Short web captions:
┌──

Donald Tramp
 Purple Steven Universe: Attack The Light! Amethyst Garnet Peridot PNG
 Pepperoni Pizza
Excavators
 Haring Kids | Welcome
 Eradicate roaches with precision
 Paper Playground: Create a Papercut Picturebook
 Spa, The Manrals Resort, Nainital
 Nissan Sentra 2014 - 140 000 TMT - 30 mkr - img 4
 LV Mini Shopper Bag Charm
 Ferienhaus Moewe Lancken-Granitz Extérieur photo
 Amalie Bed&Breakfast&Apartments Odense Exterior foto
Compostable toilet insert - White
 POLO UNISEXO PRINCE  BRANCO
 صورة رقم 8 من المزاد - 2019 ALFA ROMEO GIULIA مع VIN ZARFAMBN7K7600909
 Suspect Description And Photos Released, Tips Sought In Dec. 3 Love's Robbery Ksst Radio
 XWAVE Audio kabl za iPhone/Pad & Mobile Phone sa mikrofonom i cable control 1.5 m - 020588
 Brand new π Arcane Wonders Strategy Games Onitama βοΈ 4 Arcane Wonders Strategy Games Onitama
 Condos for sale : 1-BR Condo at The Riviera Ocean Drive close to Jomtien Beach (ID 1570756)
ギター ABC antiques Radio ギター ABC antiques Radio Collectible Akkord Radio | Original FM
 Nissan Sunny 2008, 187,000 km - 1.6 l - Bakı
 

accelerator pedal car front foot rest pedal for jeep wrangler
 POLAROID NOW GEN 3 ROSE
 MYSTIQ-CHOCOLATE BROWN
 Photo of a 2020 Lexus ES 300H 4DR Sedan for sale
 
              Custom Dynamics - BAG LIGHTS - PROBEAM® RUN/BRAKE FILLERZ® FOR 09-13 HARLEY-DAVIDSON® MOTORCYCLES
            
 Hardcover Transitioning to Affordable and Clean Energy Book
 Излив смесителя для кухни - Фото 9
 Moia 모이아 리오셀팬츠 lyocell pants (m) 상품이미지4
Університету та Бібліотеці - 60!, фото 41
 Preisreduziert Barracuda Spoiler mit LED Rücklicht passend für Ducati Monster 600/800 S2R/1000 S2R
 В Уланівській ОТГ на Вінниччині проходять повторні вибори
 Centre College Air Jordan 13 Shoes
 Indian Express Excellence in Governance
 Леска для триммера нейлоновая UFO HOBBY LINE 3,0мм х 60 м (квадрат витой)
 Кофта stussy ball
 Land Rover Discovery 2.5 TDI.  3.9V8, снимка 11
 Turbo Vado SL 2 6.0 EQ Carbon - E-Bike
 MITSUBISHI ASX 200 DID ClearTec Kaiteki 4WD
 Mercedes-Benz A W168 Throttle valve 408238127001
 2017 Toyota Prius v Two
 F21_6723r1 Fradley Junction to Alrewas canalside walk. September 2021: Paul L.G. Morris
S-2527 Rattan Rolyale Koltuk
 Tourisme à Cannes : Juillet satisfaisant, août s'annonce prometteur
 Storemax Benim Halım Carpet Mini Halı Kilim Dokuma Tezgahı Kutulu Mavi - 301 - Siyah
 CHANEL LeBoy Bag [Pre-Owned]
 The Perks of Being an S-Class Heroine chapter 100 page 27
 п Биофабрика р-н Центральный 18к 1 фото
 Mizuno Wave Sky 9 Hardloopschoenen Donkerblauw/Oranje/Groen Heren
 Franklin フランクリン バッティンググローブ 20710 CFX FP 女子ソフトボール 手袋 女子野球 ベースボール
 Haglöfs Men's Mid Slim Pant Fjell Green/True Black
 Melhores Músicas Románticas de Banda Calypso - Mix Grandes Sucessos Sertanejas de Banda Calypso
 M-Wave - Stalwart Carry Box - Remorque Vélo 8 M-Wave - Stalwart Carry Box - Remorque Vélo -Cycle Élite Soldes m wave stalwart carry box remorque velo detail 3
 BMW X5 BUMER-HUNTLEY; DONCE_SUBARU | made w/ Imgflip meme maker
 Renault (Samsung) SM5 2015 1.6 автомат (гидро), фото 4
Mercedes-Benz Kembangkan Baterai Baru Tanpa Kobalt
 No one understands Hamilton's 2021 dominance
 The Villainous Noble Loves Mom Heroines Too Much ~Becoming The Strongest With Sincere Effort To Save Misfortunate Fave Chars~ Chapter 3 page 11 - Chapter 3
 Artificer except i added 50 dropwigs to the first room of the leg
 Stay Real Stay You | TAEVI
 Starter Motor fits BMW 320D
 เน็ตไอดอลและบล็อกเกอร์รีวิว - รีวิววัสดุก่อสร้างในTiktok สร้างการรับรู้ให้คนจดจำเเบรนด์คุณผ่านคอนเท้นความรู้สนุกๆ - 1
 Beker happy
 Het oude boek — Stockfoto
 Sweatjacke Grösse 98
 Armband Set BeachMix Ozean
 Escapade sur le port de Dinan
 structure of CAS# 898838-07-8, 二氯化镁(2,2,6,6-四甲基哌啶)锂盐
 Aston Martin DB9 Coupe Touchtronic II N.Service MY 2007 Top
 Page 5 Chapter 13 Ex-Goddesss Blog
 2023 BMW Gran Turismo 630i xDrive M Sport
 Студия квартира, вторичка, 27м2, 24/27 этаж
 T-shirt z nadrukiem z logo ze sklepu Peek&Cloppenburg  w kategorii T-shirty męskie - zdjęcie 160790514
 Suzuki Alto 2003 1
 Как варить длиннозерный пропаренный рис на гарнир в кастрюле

└──

• TASK PROMPT:
Show all lines above containing "Mercedes".

• SOLVED PROBLEM:
 Mercedes-Benz A W168 Throttle valve 408238127001
Mercedes-Benz Kembangkan Baterai Baru Tanpa Kobalt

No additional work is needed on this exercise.